Scholars Gather to Wrap Center-Wide Mesocosm Experiment
By Nick Geitner
For two weeks in October, Duke hosted students, postdocs, faculty, and technicians from all across CEINT in a massive undertaking to wrap the center-wide mesocosm experiment. Located in the Duke Forest, the experiment consisted of 24 wetland mesocosms, each its own miniature ecosystem complete with terrestrial, wetland, and aquatic plants, native invertebrates and microbes, and a school of fish. Each mesocosm received weekly, chronic doses of one of four different nanoparticles for 9 months and was maintained at either natural or elevated nutrient levels. The ultimate goal of the experiment is to determine both local and ecosystem-wide effects of nanoparticles while also tracing where they end up in the environment. The number and variety of experimental endpoints for this project requires effort and input from a majority of CEINT-member labs, representing a wide array of disciplines. In total, the project harnesses the power of 11 labs and 10 graduate students and postdocs.
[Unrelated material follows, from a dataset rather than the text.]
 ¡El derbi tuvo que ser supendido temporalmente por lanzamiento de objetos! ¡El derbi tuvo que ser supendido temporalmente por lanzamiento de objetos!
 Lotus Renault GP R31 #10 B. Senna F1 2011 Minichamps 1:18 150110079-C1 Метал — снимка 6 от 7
Applying a variety of different nanoparticle treatments in this slow, chronic fashion allows researchers to simulate real-world exposures and illuminate any potential differences between classes of nanomaterials.
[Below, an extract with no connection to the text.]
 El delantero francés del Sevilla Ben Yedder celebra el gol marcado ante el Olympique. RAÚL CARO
Further details about the experimental design and goals may be found in an article featured on this website, Center-wide Mesocosm Experiment Has Begun.
Wrapping this phase of the project required taking thousands of different samples for ongoing examination across the Center. Water and sediment samples are being analyzed for differences in chemistry and nanoparticle concentration. Plants from each zone are subject to several measures including total biomass, growth and photosynthesis-respiration rates, stable isotopes, C/N/P ratio, and nanoparticle content. Both the enzyme activities and biodiversity of microbial communities present in the different compartments (water, sediments, plants) are being assessed as an important indicator of ecological impacts. The true nanoparticle uptake rates of fish, clams, snails and aquatic plants are being examined, as well as the nanoparticle content of native invertebrates present in the mesocosms, ranging from tiny insects to insect and fish eating spiders (mayflies, damselflies, dragonflies, spiders…). The latter will be a key indicator of how nanoparticles may move through natural food webs and assess the rate of transfer of nanoparticles from aquatic to terrestrial ecosystems.